Siatkówka: Świdniczanie w kiepskim stylu pożegnali się z rozgrywkami sezonu 2008/09
Po bardzo słabym meczu siatkarze Avii przegrali 0:3 z Pamapolem Siatkarzem Wieluń w pierwszej rundzie play-off. Była to już trzecia porażka \"żółto-niebieskich” z ekipą z Wielunia.
- 22.03.2009 14:08
Tym samym to goście zagrają w finale I ligi, którego stawką jest awans do PlusLigi. Gospodarze zakończyli już tegoroczne rozgrywki.
Przed sobotnim spotkaniem kibice zmierzający do hali przy ul. Fabrycznej zastanawiali się, jakim wynikiem zakończy się spotkanie z Wieluniem.
- Pewnie dziś Avia wygra 3:2, tak na \"podpuchę”, by w niedzielę jeszcze więcej kibiców zawitało na czwarty mecz - dyskutowali fani \"żółto-niebieskich”. Jak się okazało, sympatycy drużyny trenera Krzysztofa Lemieszka bardzo szybko zostali sprowadzeni na ziemię. Najpierw przez awarię sprzętu nagłaśniającego, a potem, co gorsze, przez samych zawodników. O ile złośliwość rzeczy martwych można jeszcze zrozumieć, o tyle wyczyny gospodarzy, już niekoniecznie.
Świdniczanie wyszli na parkiet wyraźnie rozkojarzeni. Bardzo szybko okazało się, kto będzie dyktował warunki gry. Goście wręcz wbili miejscowych w pole gry. Seria błędów w przyjęciu, nieskuteczny blok, autowy atak Marcina Jarosza i na tablicy było już 7:0 dla Pamapolu Siatkarza.
Przy takim wyniku trener Lemieszek wykorzystał już dwie regulaminowe przerwy. Na niewiele się to zdało. Wpuszczani co chwila zmiennicy też nic nie zdziałali. - Nie pamiętam, bym przegrał partię do siedmiu - mówi Mariusz Kowalski, libero Avii.
- Niewiele brakowało, a doszłoby do kompromitacji. Cały zespół zagrał bardzo słabo. Po takiej postawie, poważnie zastanawiam się czy nie zakończyć już sportowej kariery.
- Gospodarze chyba spalili się psychicznie, gdzieś stracili formę z sezonu. My byliśmy niesamowicie zmobilizowani, zmotywowani. Oby tak dobrze było w finale - powiedział Marcin Kryś, libero Siatkarza.

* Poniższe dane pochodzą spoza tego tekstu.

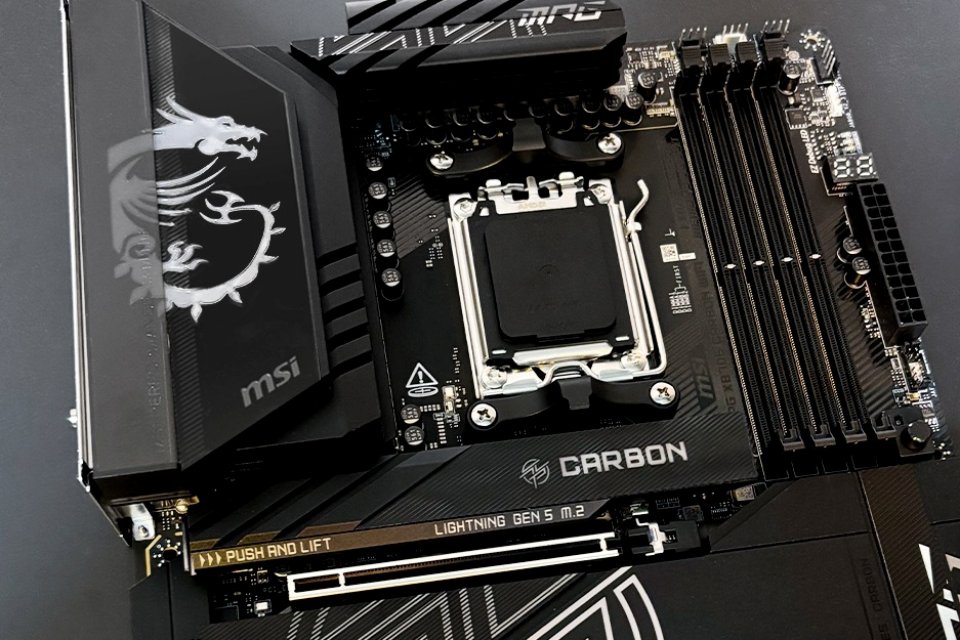 Placa-mãe da MSI tem conector de energia extra para as RTX 50
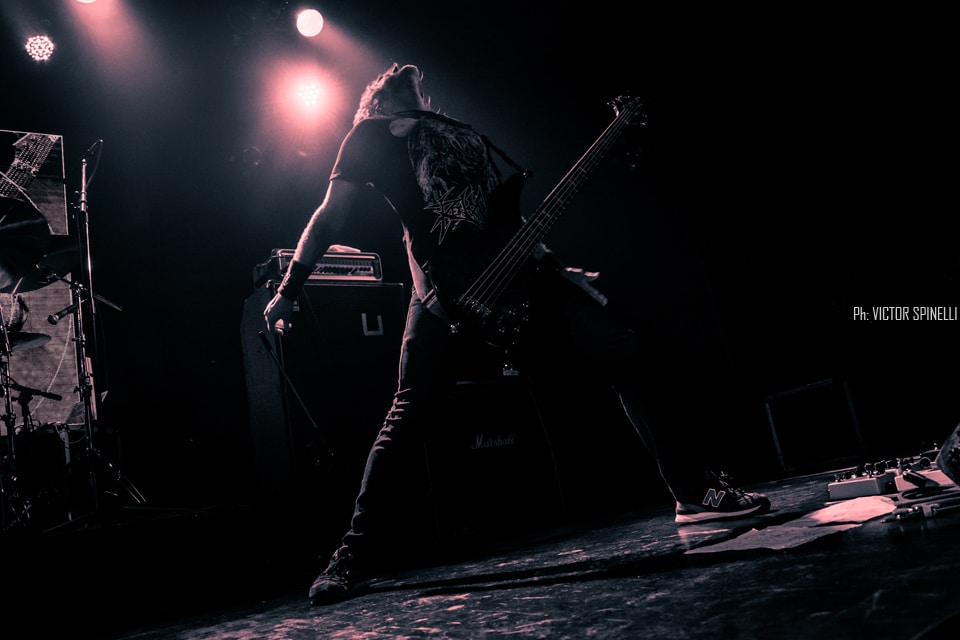 Tony Macalpine deslumbró en el Roxy - El guitarrista estadounidense llegó a la Argentina para presentar "Death of Roses", su disco más reciente. Si no proponemos pensar en guitarristas virtuosos, por lo menos al principio, nos vienen a la cabeza siempre los mismos tres o cuatro: Steve Vai, Joe Satriani, Yngwie Malmsteen, algunos de los más populares a nivel mundial, suelen ser los primeros en asaltar la memoria cuando repasamos el catálogo de maestros de las seis cuerdas. Sin embargo, hay muchos más, y Tony Macalpine en especial, está - a pesar de ser prácticamente un desconocido para el gran público - entre los más respetados y queridos tanto entre sus colegas como entre el público del estilo. Con quince discos solistas en su haber y un enorme inventario entre bandas full-time y colaboraciones con otros artistas, el guitarrista oriundo de Springfield, pionero del metal neo-clásico instrumental es, además, uno de los más prolíficos.
Luego de visitar nuestro país hace algunos años como parte de la banda en vivo de Steve Vai, Macalpine volvió a pisar suelo local, esta vez la primera vez en plan solista – ahora como trío, acompañado por los gigantes Pete Griffin (bajo) y Gergo Borlai (batería) -, para presentar su último trabajo de estudio y festejar, además, el cumpleaños número treinta de Maximum Security (1987), disco que, a fines de los 80, lo puso definitivamente en el podio junto a los mejores de su generación.
Y, a decir verdad, el apartado Death of Roses (2017) fue casi una excusa, un trámite para lo otro: rozando apenas el tracklist de su álbum número quince (sonaron “Chrome Castles”, “Death of Roses”, y alguna más del extenso archivo), el plato fuerte no fue otro que la interpretación, de punta a punta y con apenas alguna pausa para agradecer, del enorme Maximum Security. Así, desde pocos minutos después de comenzado el show, la emocionada audiencia disfrutó de clásicos como “Autumm Lords”, “Hundreds of Thounsands”, las tarareadas “Tears of Sahara” y “Keys to the City” o la preciosa “Porcellain Doll”.
A pesar de un volumen en ocasiones demasiado alto (contratiempo que, al parecer, se repitió en otras fechas del tour, como el Santiago ProgFest, en Chile) y que, por momentos, dificultaba incluso seguir las melodías, el saldo fue el de un show en todo sentido memorable. La visita del artista a tierras argentas dejó como resultado solo alegría y regocijo, abundantes vítores y cánticos de aliento, varios “una más y no jodemos más”, otros tantos “olé olé olé, Tony, Tony” y, sobre todo, grandes emociones, no solo por la performance, indudablemente impecable: es que, hace apenas tres años, el músico se vio obligado a suspender una gira al detectársele un agresivo cáncer del colon que lo tuvo, literalmente, más cerca del arpa que de la guitarra. Y hoy, quizás gracias a la divina intervención de Apolo (aunque más probablemente gracias a la oportuna práctica de algún también virtuoso profesional de la medicina), tuvimos la invaluable oportunidad de verlo y escucharlo, no solo en el mejor de los estados de salud, si no brindándose completamente a su público, en un concierto simplemente inolvidable. 207b3cd9 3cef 4944 9b6d d822bbefaf8b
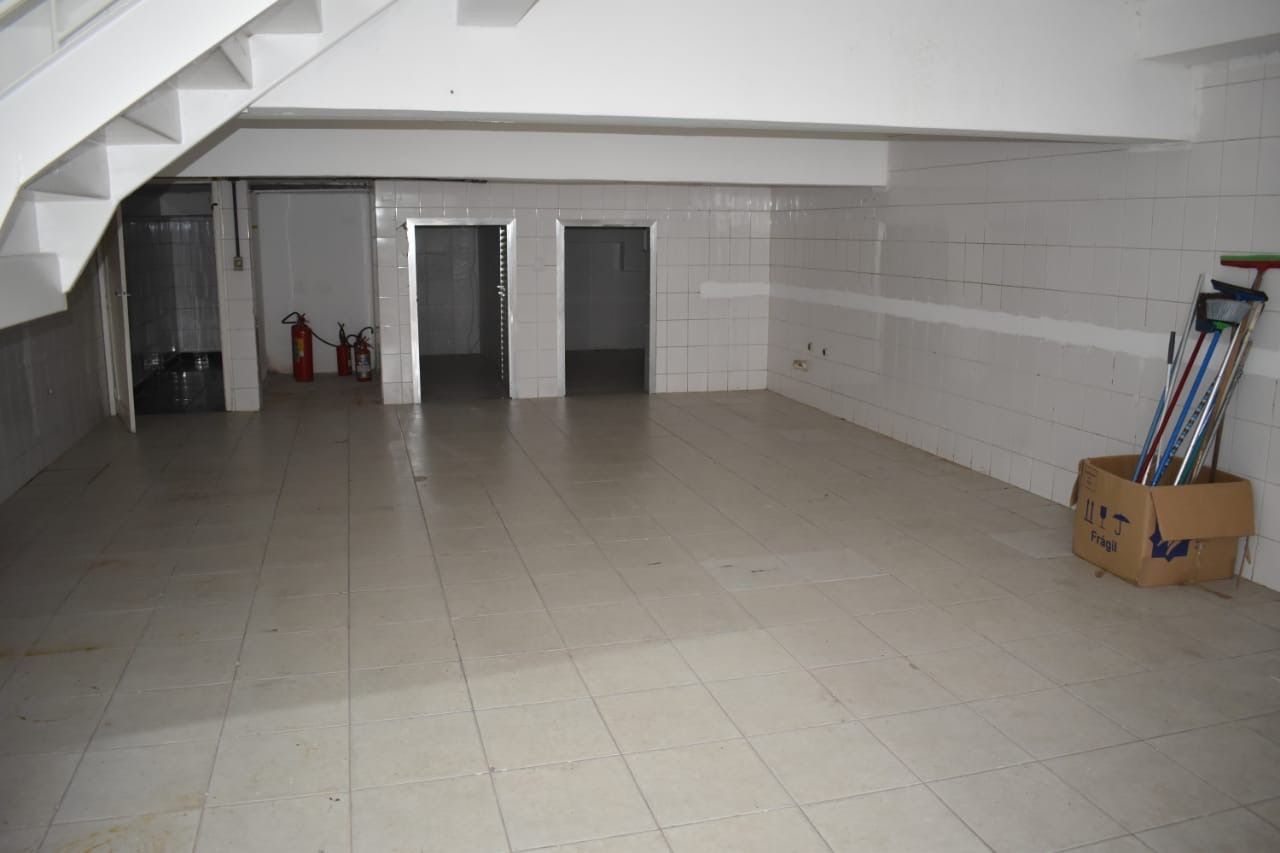 Loja-Salão para alugar, 450m² - Foto 1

O pechu może mówić przyjmujący Avii Jakub Guz. W sobotę wszedł z ławki rezerwowych już w pierwszym secie. W trzeciej partii przydarzył mu się przykry upadek.
- Skakałem do bloku razem z Michałem Baranowskim, spadłem tak niefortunnie, że zderzyłem się jeszcze z rozgrywającym Wielunia Bartkiem Matejczykiem. Skręciłem staw skokowy, na szczęście tylko groźnie to wyglądało. Dla mnie sezon jest stracony: zaczynałem od złamania ręki, skończyłem na skręceniu kostki - twierdzi siatkarz.
SKŁADY
Avia: Gorzkiewicz, Jarosz, Pawłowski, Baranowski, Żurek, Malicki, Kowalski (libero) oraz Guz, Wójcicki, Golec, Kurek, Węgrzyn.

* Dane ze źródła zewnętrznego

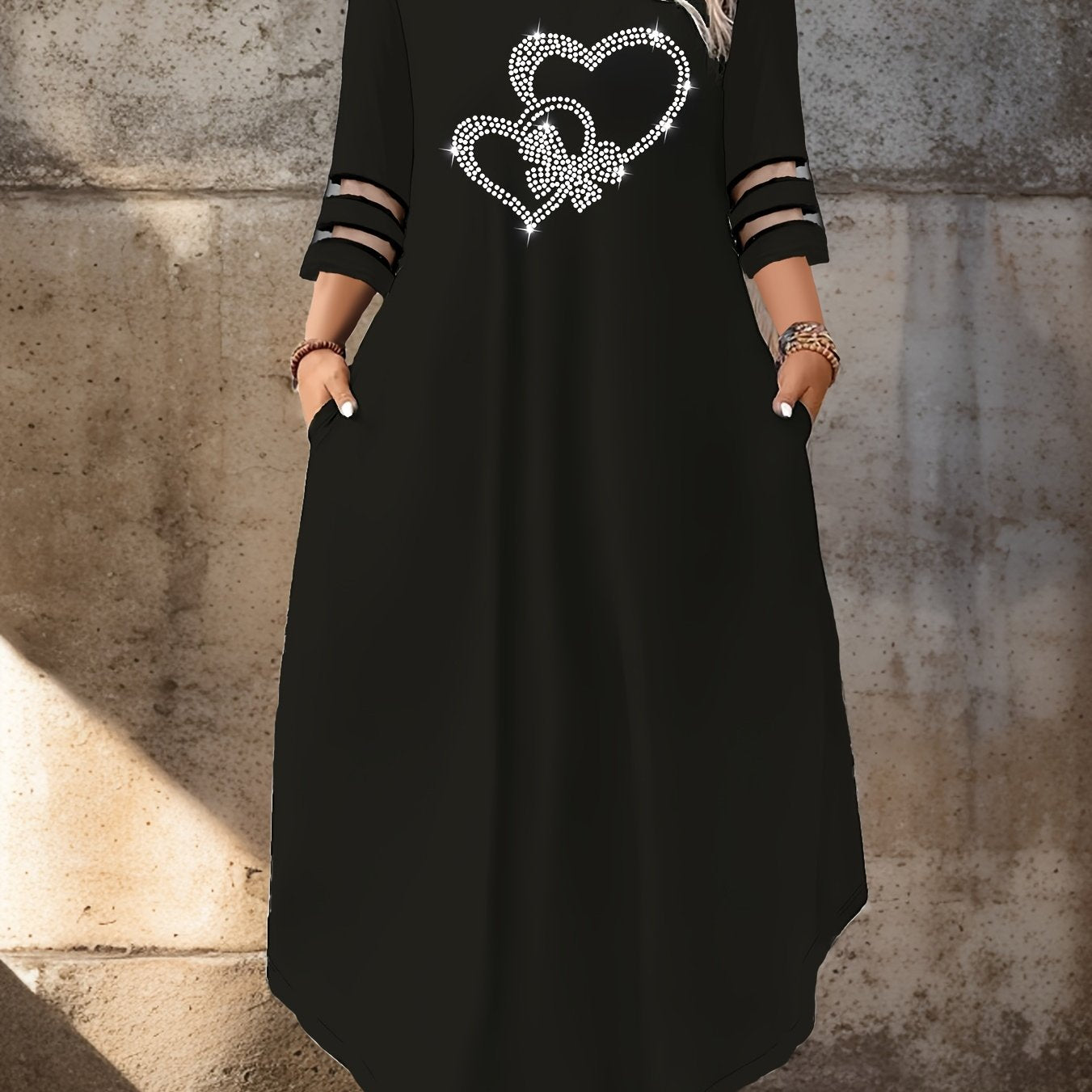 Stylish plus size dress with round neck, heart pattern, mesh panels, fitted silhouette, made of polyester, suitable for all seasons, with 3/4 sleeves.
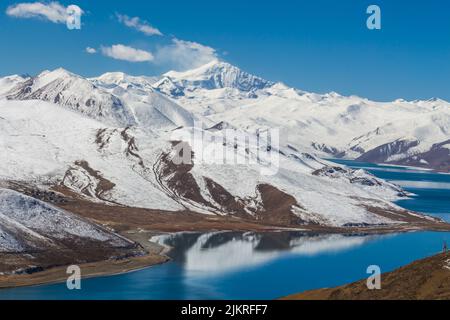 Il lago Yamdrok è un lago di acqua dolce situato nella contea di Nangartse, nella prefettura di Shannan, a circa 170 km (110 mi) a sud-ovest di Lhasa, capitale del Tibet in Cina Foto Stock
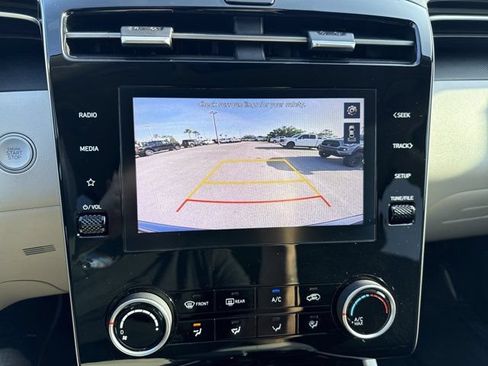 Used 2023 Hyundai Tucson SEL FWD image 17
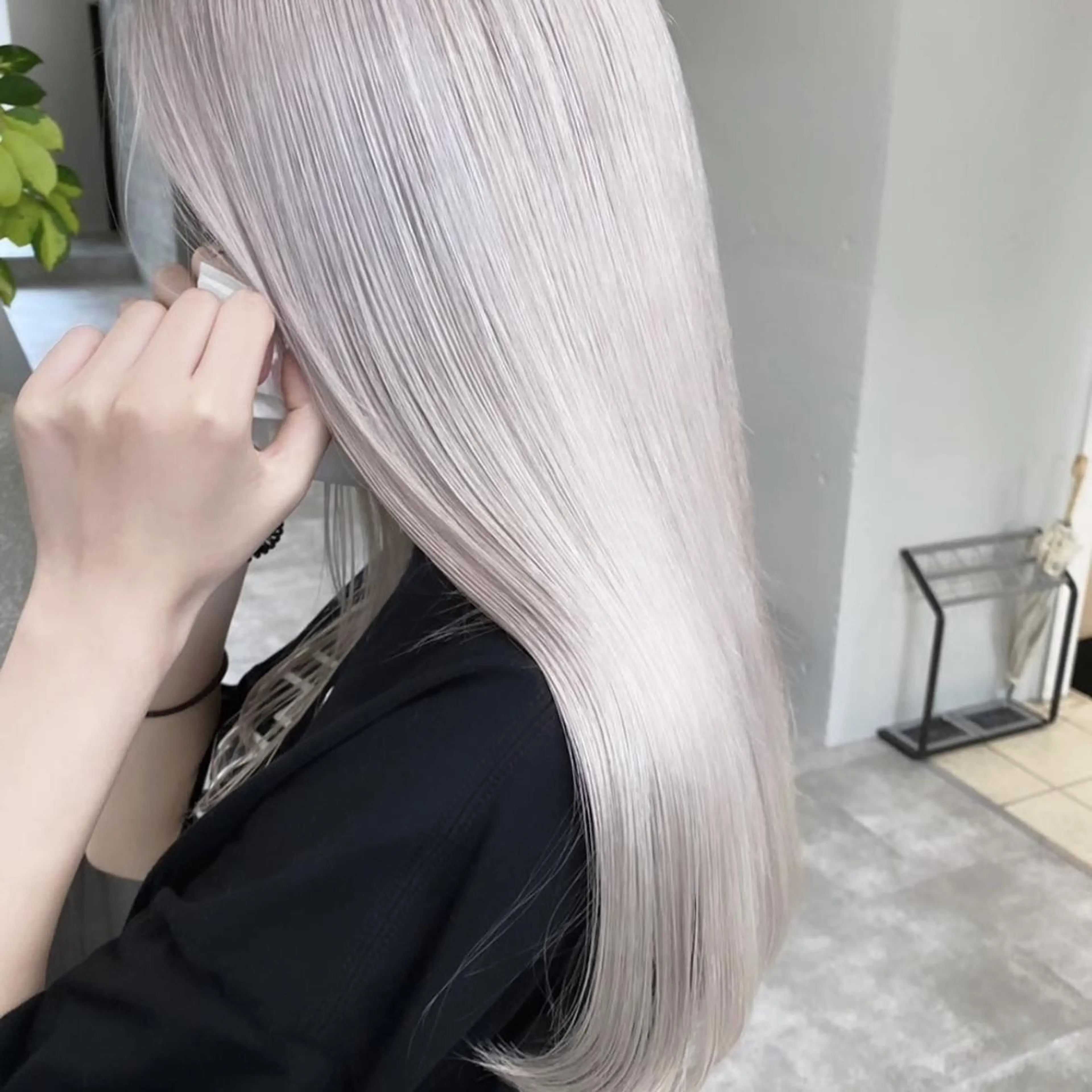 カラー セミロング ベージュカラー ブリーチ ケアブリーチ 透明感カラー ミルクティーベージュ ヘアカラー 透明感🪽艶カラー☆ トレンドヘア✨のヘアスタイル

Siatkarz: Matejczyk, Lubiejewski, Zajder, Bartodziejski, Buniak, Błoński, Kryś (libero) oraz Sarnecki, Sobala, Kosmęda.
Sędziowali: Piotr Nowak (Kraków), Ryszard Surdej (Tarnów). Widzów: 700.

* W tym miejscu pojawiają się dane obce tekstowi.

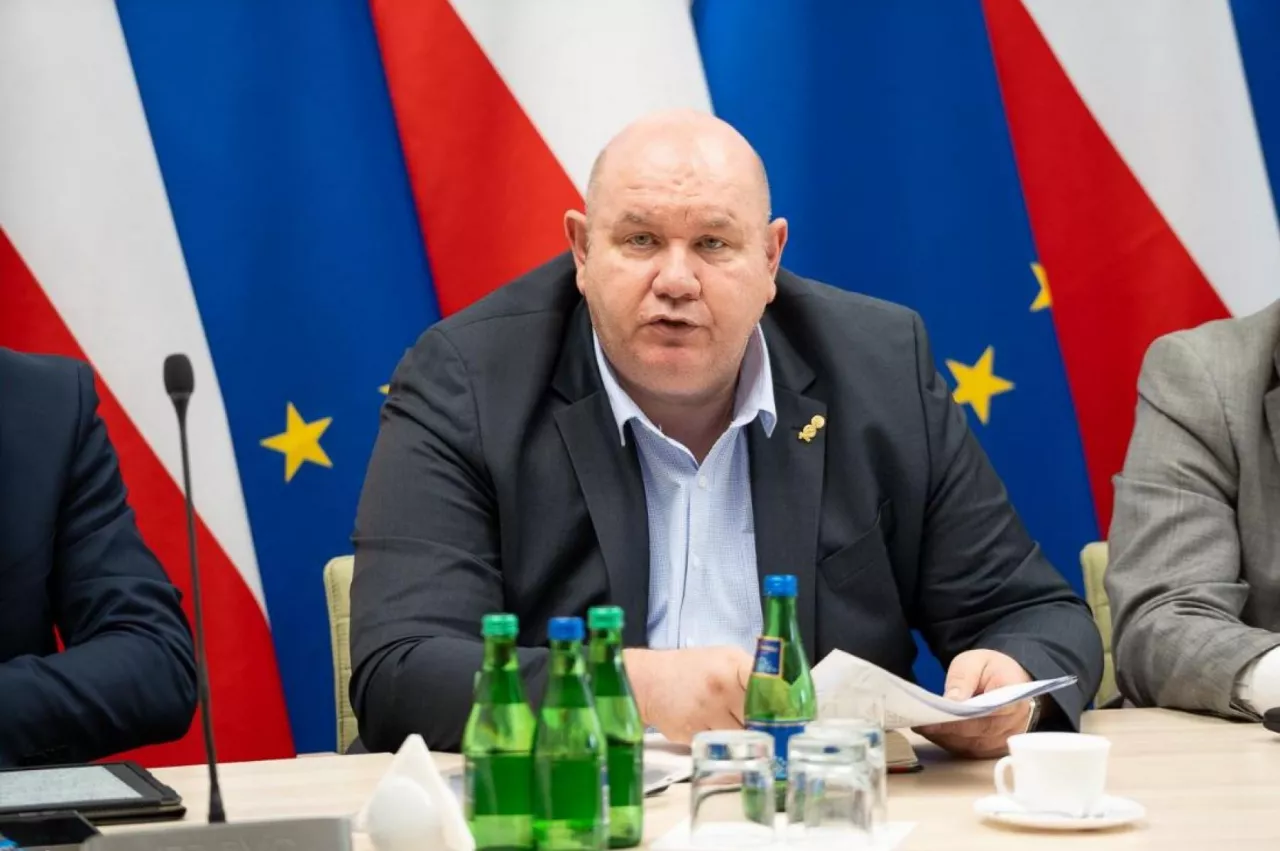 Pryszczyca w stadzie 1400 sztuk bydła. Jak inspekcja chce chronić polskich rolników?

I runda play-off, o miejsca 1-4 (do 3 zwycięstw): Orzeł Międzyrzecz - BBTS Bielsko-Biała 3:2 (12:25, 25:18, 25:17, 21:25, 15:12), stan rywalizacji 1-2 * o miejsca 7-10 (do dwóch wygranych): Gwardia Wrocław - AZS PWSZ Nysa 3:1 (25:23, 28:26, 23:25, 25:19), 2-0 * MCKiS Jaworzno - MKS MOS Będzin 3:0 (25:22, 25:17, 25:18), 2-0.